◆ WHAT IS NEEDED
Take the entries below and print, exactly, the stretch from the line containing "Милашка, 28, Петропавловске" through the line containing "Обои виниловые на", both included.

◆ SUPPLIED INFORMATION
┄┄┄┄┄┄
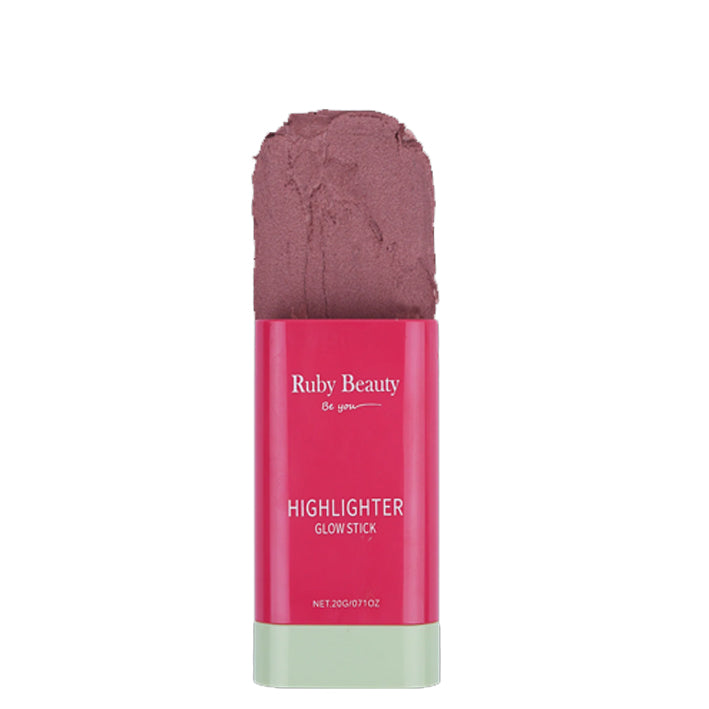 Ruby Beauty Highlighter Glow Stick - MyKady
┄┄┄┄┄┄
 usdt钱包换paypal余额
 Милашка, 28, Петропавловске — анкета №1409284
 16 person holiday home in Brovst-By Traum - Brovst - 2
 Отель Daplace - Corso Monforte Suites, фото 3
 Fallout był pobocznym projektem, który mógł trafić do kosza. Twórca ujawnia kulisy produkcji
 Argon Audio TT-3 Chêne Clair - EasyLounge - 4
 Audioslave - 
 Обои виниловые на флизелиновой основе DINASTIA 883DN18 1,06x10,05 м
┄┄┄┄┄┄
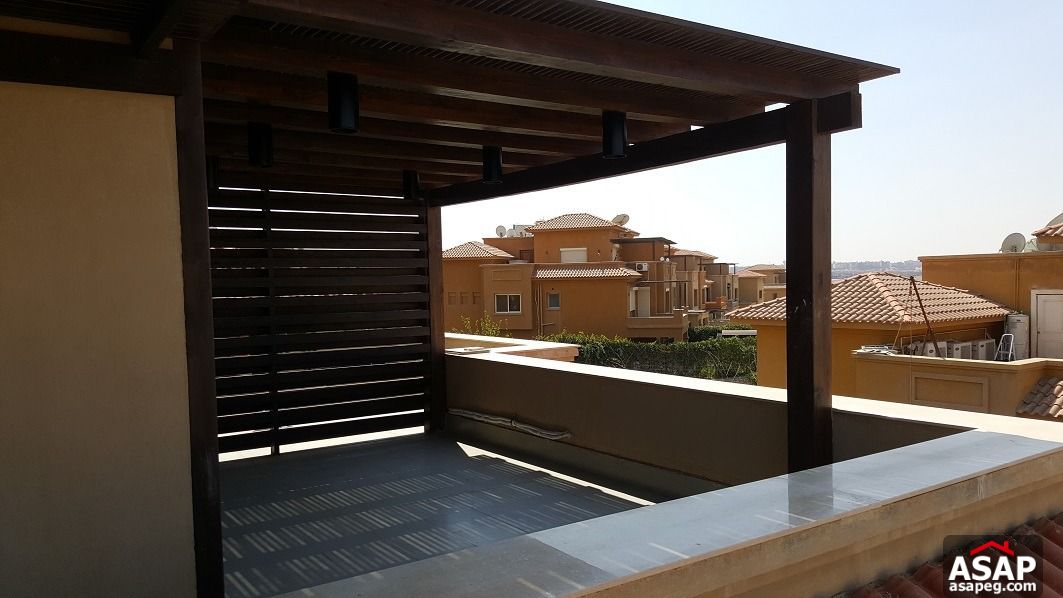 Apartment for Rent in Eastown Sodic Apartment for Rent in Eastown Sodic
┄┄┄┄┄┄
◆ SOLUTION TO THIS TASK
 Милашка, 28, Петропавловске — анкета №1409284
 16 person holiday home in Brovst-By Traum - Brovst - 2
 Отель Daplace - Corso Monforte Suites, фото 3
 Fallout był pobocznym projektem, który mógł trafić do kosza. Twórca ujawnia kulisy produkcji
 Argon Audio TT-3 Chêne Clair - EasyLounge - 4
 Audioslave - 
 Обои виниловые на флизелиновой основе DINASTIA 883DN18 1,06x10,05 м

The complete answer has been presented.